### Dataset section

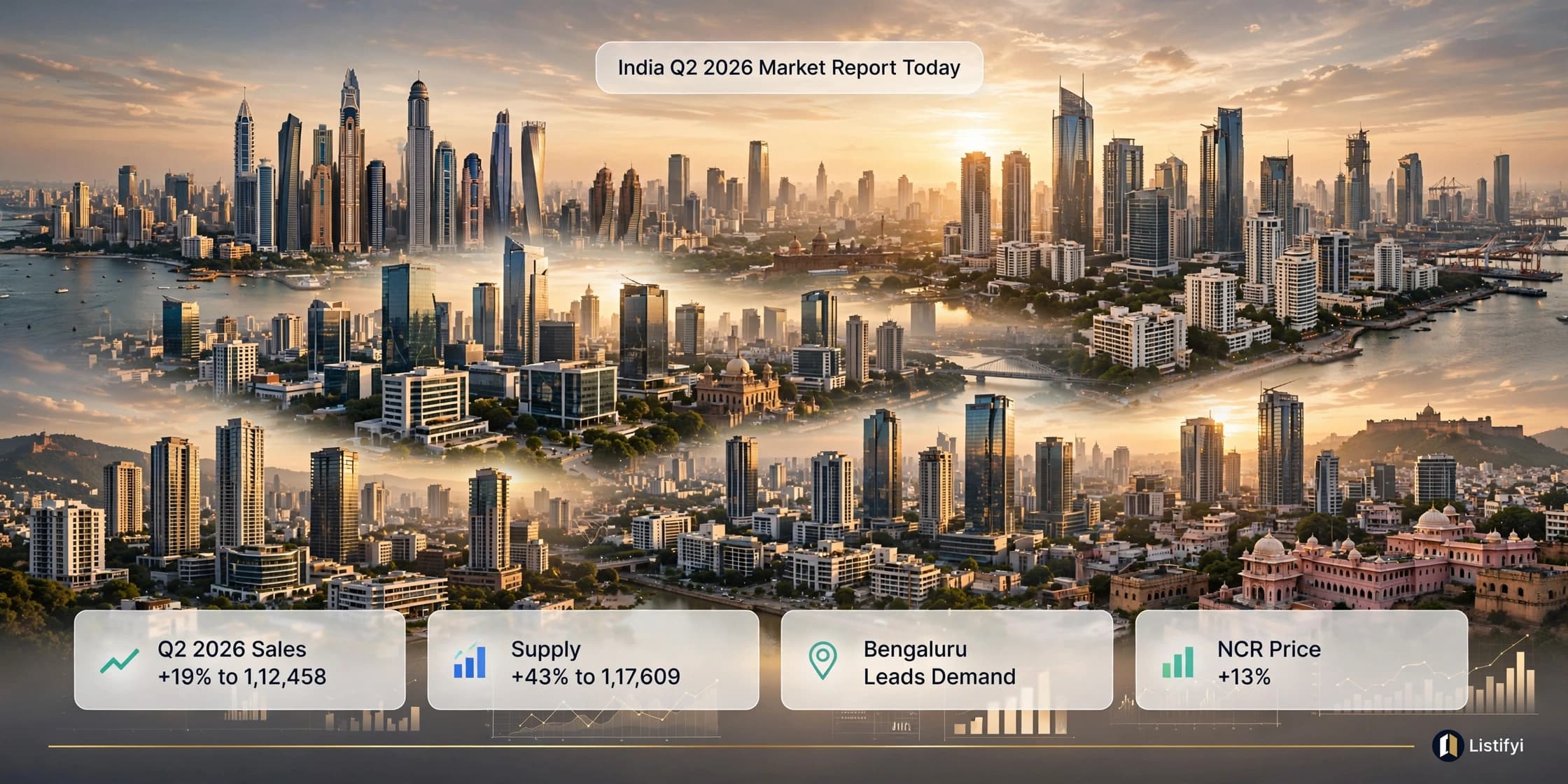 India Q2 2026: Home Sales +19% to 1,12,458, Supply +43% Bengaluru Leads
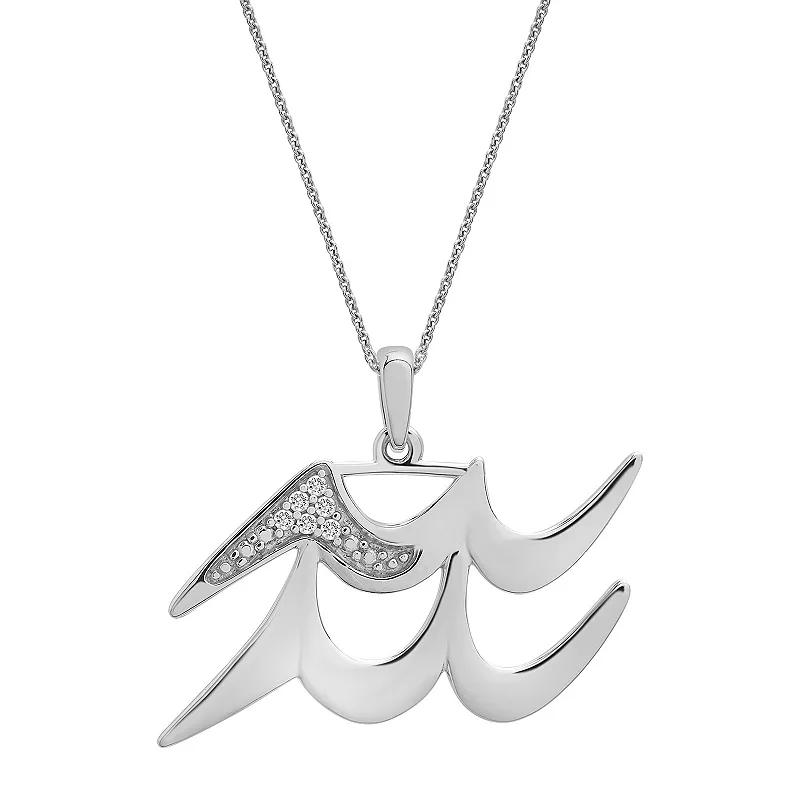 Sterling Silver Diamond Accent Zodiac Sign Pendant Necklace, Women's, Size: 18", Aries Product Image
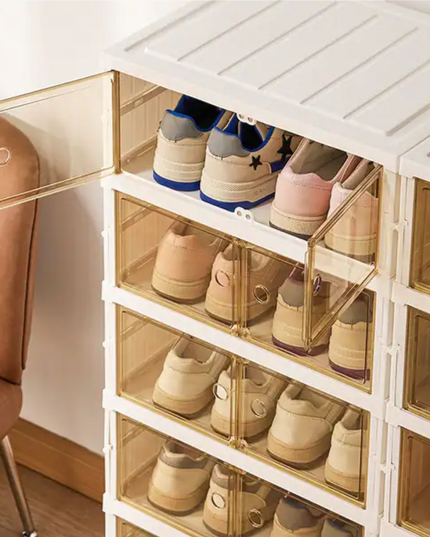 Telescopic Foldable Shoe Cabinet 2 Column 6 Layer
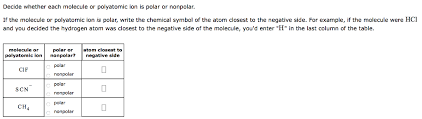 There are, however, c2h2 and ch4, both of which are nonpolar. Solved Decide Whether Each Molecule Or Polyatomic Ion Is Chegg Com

### Prompt
The task calls for repeating each line above exactly while excluding the pictures.

### Response
 India Q2 2026: Home Sales +19% to 1,12,458, Supply +43% Bengaluru Leads
 Sterling Silver Diamond Accent Zodiac Sign Pendant Necklace, Women's, Size: 18", Aries Product Image
 Telescopic Foldable Shoe Cabinet 2 Column 6 Layer
 There are, however, c2h2 and ch4, both of which are nonpolar. Solved Decide Whether Each Molecule Or Polyatomic Ion Is Chegg Com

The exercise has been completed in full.